DATA FOR PROCESSING:
▬▬▬▬▬▬

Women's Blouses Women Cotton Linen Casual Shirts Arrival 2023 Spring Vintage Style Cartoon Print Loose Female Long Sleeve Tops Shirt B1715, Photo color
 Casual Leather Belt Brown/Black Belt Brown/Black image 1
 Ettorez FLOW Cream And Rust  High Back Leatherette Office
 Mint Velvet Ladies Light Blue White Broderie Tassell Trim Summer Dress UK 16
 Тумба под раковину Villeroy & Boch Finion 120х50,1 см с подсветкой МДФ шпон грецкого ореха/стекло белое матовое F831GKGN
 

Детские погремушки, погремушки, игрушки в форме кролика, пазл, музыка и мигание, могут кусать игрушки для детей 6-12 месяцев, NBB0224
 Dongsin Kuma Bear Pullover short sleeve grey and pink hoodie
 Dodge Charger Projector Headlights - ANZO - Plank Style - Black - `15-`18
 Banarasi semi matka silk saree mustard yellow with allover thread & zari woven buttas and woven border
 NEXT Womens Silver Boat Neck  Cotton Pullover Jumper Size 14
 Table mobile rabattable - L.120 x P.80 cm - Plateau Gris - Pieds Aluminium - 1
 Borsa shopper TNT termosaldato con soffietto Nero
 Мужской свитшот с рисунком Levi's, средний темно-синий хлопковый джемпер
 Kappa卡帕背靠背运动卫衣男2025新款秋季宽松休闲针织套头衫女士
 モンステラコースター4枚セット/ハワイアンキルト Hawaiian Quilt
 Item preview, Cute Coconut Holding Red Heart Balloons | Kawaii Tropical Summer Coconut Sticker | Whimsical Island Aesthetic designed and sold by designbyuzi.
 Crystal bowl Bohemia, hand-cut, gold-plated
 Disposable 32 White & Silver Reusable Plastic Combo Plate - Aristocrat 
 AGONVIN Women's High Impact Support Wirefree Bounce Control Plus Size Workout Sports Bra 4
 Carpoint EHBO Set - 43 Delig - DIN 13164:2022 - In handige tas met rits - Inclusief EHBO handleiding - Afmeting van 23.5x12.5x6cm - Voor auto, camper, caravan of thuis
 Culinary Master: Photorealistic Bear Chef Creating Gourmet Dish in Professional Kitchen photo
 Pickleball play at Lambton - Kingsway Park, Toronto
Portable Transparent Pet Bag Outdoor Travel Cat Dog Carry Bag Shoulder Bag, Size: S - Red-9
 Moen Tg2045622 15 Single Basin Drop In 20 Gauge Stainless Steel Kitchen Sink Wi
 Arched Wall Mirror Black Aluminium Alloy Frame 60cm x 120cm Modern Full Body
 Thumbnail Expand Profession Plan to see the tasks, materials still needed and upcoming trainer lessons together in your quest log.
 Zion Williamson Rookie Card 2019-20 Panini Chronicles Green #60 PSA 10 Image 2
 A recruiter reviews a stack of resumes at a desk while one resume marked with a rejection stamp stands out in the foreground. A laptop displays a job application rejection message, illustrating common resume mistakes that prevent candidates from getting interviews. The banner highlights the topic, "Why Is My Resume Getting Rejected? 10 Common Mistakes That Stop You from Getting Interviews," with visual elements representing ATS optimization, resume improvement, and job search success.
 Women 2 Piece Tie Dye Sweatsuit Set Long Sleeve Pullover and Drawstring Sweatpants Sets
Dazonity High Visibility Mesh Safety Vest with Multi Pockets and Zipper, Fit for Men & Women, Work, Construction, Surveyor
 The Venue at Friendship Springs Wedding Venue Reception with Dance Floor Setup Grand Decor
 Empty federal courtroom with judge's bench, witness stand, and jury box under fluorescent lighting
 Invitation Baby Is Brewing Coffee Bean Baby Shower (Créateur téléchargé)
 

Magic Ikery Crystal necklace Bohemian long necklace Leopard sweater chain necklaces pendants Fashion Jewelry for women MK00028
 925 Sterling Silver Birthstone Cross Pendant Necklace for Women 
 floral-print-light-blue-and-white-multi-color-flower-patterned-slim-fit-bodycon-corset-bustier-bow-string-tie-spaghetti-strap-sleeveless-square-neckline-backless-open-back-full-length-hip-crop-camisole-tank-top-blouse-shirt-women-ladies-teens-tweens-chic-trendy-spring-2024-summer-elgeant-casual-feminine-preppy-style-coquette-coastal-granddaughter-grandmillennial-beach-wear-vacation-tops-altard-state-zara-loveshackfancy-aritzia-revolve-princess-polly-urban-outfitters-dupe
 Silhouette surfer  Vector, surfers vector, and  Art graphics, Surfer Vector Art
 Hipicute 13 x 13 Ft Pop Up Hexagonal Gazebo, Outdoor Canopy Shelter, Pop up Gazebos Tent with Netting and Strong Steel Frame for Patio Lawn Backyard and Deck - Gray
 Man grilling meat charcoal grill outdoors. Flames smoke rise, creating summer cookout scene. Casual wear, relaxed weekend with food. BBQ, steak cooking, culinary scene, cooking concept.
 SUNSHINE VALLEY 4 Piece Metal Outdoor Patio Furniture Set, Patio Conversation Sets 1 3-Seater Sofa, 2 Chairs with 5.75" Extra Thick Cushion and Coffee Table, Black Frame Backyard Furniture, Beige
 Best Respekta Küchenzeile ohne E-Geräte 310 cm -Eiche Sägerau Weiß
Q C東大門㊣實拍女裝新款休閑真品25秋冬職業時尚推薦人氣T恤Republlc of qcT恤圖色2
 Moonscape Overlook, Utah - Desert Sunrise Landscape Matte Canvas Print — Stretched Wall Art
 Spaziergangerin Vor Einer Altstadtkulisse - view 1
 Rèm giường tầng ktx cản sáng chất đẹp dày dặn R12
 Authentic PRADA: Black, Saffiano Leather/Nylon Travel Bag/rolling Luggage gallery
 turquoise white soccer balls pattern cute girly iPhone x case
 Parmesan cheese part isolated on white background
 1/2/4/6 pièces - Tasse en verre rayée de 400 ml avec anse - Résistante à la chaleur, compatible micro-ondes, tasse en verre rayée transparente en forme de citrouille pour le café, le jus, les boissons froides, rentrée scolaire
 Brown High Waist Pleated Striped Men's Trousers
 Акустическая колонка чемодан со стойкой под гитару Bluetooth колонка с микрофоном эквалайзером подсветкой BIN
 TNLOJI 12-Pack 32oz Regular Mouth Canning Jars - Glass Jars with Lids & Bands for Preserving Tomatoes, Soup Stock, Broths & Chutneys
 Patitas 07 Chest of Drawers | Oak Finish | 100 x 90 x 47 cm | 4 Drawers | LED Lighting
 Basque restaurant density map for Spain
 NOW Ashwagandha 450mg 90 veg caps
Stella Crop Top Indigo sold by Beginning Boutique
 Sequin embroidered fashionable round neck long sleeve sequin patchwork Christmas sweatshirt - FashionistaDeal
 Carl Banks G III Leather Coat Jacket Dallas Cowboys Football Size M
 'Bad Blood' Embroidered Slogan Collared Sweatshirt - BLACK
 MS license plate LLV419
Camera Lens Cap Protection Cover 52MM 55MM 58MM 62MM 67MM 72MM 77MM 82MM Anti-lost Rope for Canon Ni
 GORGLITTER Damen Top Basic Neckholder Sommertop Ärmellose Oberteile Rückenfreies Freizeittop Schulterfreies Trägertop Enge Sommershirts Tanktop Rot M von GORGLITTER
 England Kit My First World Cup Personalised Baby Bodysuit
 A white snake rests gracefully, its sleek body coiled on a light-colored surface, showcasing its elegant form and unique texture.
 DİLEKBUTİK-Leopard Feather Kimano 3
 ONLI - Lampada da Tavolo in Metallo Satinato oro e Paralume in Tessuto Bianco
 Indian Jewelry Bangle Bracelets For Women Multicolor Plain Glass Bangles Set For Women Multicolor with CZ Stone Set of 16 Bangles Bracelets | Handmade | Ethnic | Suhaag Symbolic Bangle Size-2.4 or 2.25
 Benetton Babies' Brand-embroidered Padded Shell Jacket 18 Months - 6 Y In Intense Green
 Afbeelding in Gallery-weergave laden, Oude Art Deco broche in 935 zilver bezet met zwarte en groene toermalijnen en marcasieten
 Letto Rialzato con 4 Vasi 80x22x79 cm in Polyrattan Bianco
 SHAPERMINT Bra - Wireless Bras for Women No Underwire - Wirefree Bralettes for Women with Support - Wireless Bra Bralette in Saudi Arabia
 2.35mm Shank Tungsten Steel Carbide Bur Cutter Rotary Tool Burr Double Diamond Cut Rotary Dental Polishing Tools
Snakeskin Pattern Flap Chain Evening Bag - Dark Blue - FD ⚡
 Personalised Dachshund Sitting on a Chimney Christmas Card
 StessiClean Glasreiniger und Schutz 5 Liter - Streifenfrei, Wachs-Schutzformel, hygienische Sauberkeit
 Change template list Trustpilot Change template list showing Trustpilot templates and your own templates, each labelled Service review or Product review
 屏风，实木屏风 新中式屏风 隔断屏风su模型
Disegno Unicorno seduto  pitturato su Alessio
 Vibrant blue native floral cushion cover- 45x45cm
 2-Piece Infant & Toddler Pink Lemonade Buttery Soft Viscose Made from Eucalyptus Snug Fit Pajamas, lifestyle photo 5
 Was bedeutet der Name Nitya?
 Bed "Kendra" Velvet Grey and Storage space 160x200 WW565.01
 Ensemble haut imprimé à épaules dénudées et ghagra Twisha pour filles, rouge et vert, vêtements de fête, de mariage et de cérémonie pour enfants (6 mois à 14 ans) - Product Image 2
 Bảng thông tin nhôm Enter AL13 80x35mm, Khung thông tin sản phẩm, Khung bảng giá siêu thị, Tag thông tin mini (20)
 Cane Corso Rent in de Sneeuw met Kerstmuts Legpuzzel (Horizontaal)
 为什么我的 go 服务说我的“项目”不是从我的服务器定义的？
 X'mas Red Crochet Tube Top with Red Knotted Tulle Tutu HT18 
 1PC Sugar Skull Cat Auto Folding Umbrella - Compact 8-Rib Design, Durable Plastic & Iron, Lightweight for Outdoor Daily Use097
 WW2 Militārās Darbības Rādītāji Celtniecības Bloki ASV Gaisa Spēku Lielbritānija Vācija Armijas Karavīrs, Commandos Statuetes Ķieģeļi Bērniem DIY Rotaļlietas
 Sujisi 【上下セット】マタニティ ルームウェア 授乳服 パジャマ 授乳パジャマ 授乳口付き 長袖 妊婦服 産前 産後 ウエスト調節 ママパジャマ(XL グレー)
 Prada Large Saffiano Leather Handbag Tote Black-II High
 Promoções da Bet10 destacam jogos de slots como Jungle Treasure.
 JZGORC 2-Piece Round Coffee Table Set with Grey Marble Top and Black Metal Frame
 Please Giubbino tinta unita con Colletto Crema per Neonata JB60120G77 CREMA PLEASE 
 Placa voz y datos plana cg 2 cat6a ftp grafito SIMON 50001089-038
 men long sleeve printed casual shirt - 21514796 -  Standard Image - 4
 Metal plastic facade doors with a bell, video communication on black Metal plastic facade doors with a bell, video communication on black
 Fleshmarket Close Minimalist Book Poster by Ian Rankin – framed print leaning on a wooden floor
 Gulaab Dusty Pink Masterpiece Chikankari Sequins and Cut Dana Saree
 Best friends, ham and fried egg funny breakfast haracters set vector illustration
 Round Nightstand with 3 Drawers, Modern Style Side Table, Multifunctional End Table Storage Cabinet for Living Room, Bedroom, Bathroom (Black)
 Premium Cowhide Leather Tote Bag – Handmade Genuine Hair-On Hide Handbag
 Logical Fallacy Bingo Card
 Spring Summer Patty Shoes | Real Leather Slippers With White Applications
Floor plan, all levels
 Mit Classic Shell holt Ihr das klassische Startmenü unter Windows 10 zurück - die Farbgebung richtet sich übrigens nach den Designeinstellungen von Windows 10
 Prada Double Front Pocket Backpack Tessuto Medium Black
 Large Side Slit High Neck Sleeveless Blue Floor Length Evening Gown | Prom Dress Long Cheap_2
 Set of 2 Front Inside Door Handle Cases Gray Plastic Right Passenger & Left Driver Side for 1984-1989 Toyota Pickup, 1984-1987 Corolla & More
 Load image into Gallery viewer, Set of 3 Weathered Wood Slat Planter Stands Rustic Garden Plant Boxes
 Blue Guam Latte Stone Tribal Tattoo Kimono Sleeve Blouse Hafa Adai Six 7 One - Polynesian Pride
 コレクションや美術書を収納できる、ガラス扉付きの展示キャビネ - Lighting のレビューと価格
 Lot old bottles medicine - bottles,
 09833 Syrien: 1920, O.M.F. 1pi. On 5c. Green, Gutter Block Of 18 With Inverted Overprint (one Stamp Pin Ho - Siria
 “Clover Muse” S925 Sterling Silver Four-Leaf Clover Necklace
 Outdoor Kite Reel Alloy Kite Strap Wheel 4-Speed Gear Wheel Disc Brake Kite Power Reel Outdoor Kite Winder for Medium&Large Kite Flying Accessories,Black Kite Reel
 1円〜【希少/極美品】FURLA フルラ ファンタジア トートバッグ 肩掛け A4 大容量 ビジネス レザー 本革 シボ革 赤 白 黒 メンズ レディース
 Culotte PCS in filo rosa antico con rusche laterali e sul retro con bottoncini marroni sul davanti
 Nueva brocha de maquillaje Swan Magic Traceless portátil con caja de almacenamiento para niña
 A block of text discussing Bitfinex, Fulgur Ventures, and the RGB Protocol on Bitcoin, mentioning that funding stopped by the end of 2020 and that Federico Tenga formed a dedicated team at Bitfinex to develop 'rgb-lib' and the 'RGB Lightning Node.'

▬▬▬▬▬▬

AIM OF THE TASK:
Give back the entries above exactly as they are, from their first line through the line that contains "Zion Williamson Rookie", both included, with nothing else.

SOLUTION TO THE PROBLEM:
Women's Blouses Women Cotton Linen Casual Shirts Arrival 2023 Spring Vintage Style Cartoon Print Loose Female Long Sleeve Tops Shirt B1715, Photo color
 Casual Leather Belt Brown/Black Belt Brown/Black image 1
 Ettorez FLOW Cream And Rust  High Back Leatherette Office
 Mint Velvet Ladies Light Blue White Broderie Tassell Trim Summer Dress UK 16
 Тумба под раковину Villeroy & Boch Finion 120х50,1 см с подсветкой МДФ шпон грецкого ореха/стекло белое матовое F831GKGN
 

Детские погремушки, погремушки, игрушки в форме кролика, пазл, музыка и мигание, могут кусать игрушки для детей 6-12 месяцев, NBB0224
 Dongsin Kuma Bear Pullover short sleeve grey and pink hoodie
 Dodge Charger Projector Headlights - ANZO - Plank Style - Black - `15-`18
 Banarasi semi matka silk saree mustard yellow with allover thread & zari woven buttas and woven border
 NEXT Womens Silver Boat Neck  Cotton Pullover Jumper Size 14
 Table mobile rabattable - L.120 x P.80 cm - Plateau Gris - Pieds Aluminium - 1
 Borsa shopper TNT termosaldato con soffietto Nero
 Мужской свитшот с рисунком Levi's, средний темно-синий хлопковый джемпер
 Kappa卡帕背靠背运动卫衣男2025新款秋季宽松休闲针织套头衫女士
 モンステラコースター4枚セット/ハワイアンキルト Hawaiian Quilt
 Item preview, Cute Coconut Holding Red Heart Balloons | Kawaii Tropical Summer Coconut Sticker | Whimsical Island Aesthetic designed and sold by designbyuzi.
 Crystal bowl Bohemia, hand-cut, gold-plated
 Disposable 32 White & Silver Reusable Plastic Combo Plate - Aristocrat 
 AGONVIN Women's High Impact Support Wirefree Bounce Control Plus Size Workout Sports Bra 4
 Carpoint EHBO Set - 43 Delig - DIN 13164:2022 - In handige tas met rits - Inclusief EHBO handleiding - Afmeting van 23.5x12.5x6cm - Voor auto, camper, caravan of thuis
 Culinary Master: Photorealistic Bear Chef Creating Gourmet Dish in Professional Kitchen photo
 Pickleball play at Lambton - Kingsway Park, Toronto
Portable Transparent Pet Bag Outdoor Travel Cat Dog Carry Bag Shoulder Bag, Size: S - Red-9
 Moen Tg2045622 15 Single Basin Drop In 20 Gauge Stainless Steel Kitchen Sink Wi
 Arched Wall Mirror Black Aluminium Alloy Frame 60cm x 120cm Modern Full Body
 Thumbnail Expand Profession Plan to see the tasks, materials still needed and upcoming trainer lessons together in your quest log.
 Zion Williamson Rookie Card 2019-20 Panini Chronicles Green #60 PSA 10 Image 2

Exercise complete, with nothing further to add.